Je ne nierai pas l’évidence : les éditeurs veulent vendre leurs livres. J’ai moi-même édité chez Robert Laffont Les Tabous de l’histoire de Marc Ferro en sachant que la polémique et la controverse sont parfois nécessaires au succès éditorial. Nous n’avons donc pas peur de la censure même si l’affaire Pétré-Grenouilleau a montré qu’elle était un réel danger. S’en prémunir passe par le maintien de la distinction entre l’histoire et la mémoire dont Marc Bloch a dit que la première vise à expliquer et la seconde à se souvenir.
Par ailleurs, je déteste la formule encombrante et stéréotypée de « devoir de mémoire » : cette injonction moralisatrice brouille les esprits. Avec M. Emmanuel Hoog, j’ai travaillé à l’enregistrement de 110 témoignages de déportés et de fils de déportés ; j’ai également produit pour La Chaîne Histoire et France Culture les procès Touvier, Barbie et Papon. Je sais donc combien il importe d’être à l’écoute des associations et de tous ceux qui ont souffert mais je sais aussi que face à un surcroît potentiel de pathos, seul le travail scientifique permet de répondre aux exigences légitimes des victimes.
Mme Catherine Coutelle : Robert Paxton est un bel exemple d’historien étranger travaillant sur un sujet national français. Est-ce en raison des difficultés éprouvées par les chercheurs français en la matière ? L’autocensure est-elle en cause ? Est-ce le fait des éditeurs ? Enfin, la formule « devoir d’histoire » me semble préférable à celle de « devoir de mémoire ».
M. Jacques Semelin : C’est en l’occurrence un historien étranger qui a en effet apporté un regard nouveau sur notre histoire mais cela ne s’explique pas tant par une question d’autocensure que par un contexte général : les historiens sont tributaires de leur époque et des catégories nationales de la mémoire en vigueur. Envisage-t-on aujourd’hui que des historiens croates, serbes et bosniaques puissent écrire ensemble une histoire de l’ex-Yougoslavie ? Non ! Cela pourrait en revanche échoir à un historien d’une autre nationalité.
Enfin, comme Dominique Missika, je n’apprécie guère la notion de « devoir de mémoire » et je lui préfère, à l’instar de Paul Ricoeur, celle de « travail de mémoire ».

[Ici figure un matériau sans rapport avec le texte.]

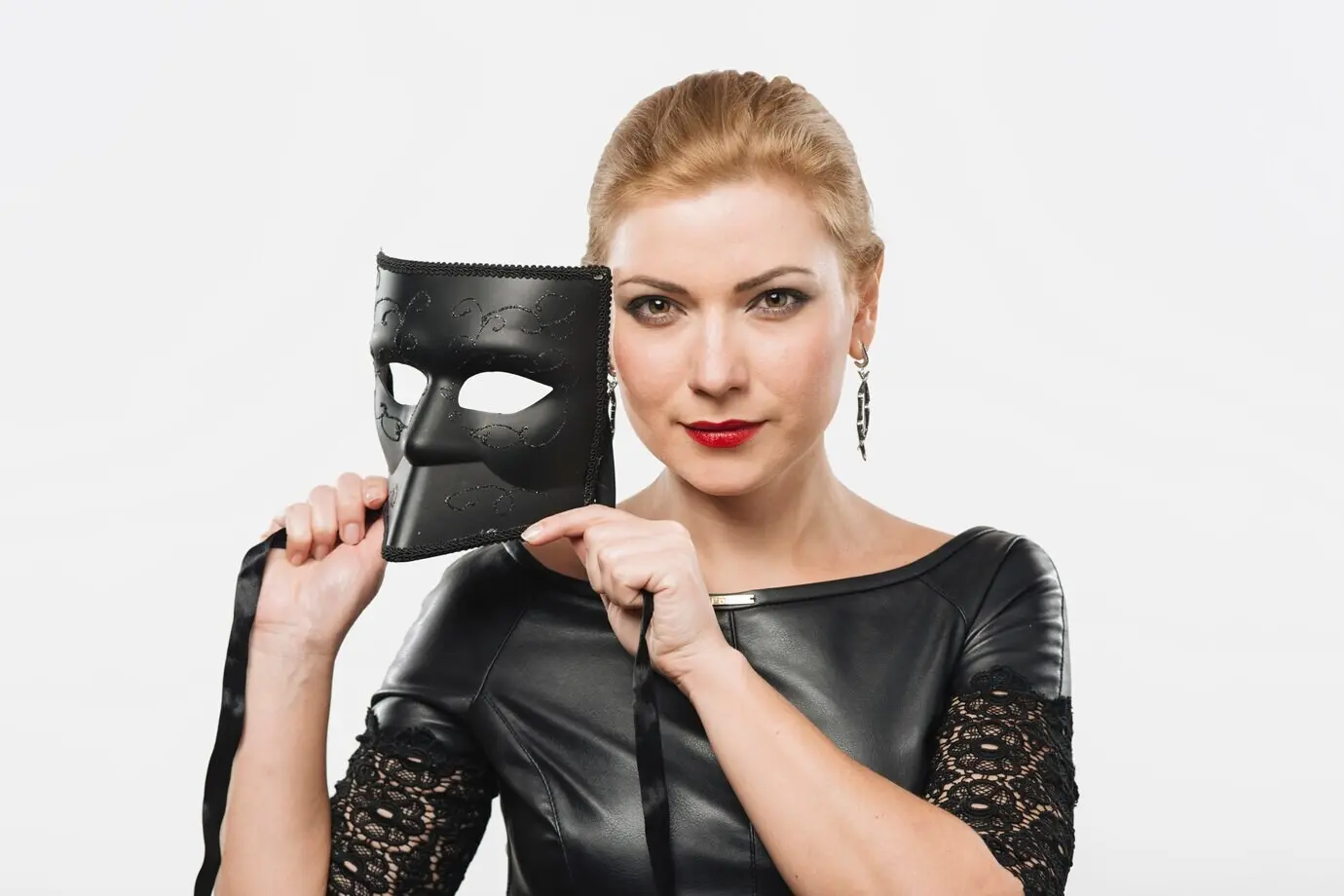 Eine Frau hält eine schwarze Maske in den Händen.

M. Emmanuel Hoog : Nous n’avons jamais connu une capacité de production mémorielle aussi puissante, notamment grâce aux nouvelles technologies. Le concept de mémoire « explose » dès lors que tout peut être conservé et que la société vit avec angoisse l’éventualité d’une perte. Un médiéviste qui veut reconstituer l’histoire de Paris au XIIIème siècle ne dispose que de quelques traces mais l’historien qui voudra raconter l’histoire de la Ville Lumière au XXIème siècle disposera de quantités de documents – le rapport est d’environ de un à un million. Comment, en outre, médiatiser la rencontre entre l’offre mémorielle et les internautes, en particulier les plus jeunes ? Par ailleurs, il est notable que la censure fonctionne à travers les moteurs de recherches en fonction de la possibilité ou non, pour un responsable de site, d’acheter des mots clés qui référenceront prioritairement ou non telle ou telle information : le marché impose sa loi. Enfin, si nous connaissons les labels de certification qui régissent le savoir et les conventions dans la société, il n’en est absolument pas de même sur Internet. Comment, dès lors, organiser la hiérarchie des connaissances et des références ? Quelle autorité légitimera tel ou tel savoir ?
M. Guy Geofrroy, vice-président : Renoncer au terme de « génocide » pour lui substituer celui de « violence de masse » ne constitue-t-il pas déjà une autocensure ? Par ailleurs, la décision cadre du conseil européen d’avril 2007 visant à sanctionner le racisme et la xénophobie accroît-elle le risque d’une « gayssotisation » de l’histoire à l’échelon européen ?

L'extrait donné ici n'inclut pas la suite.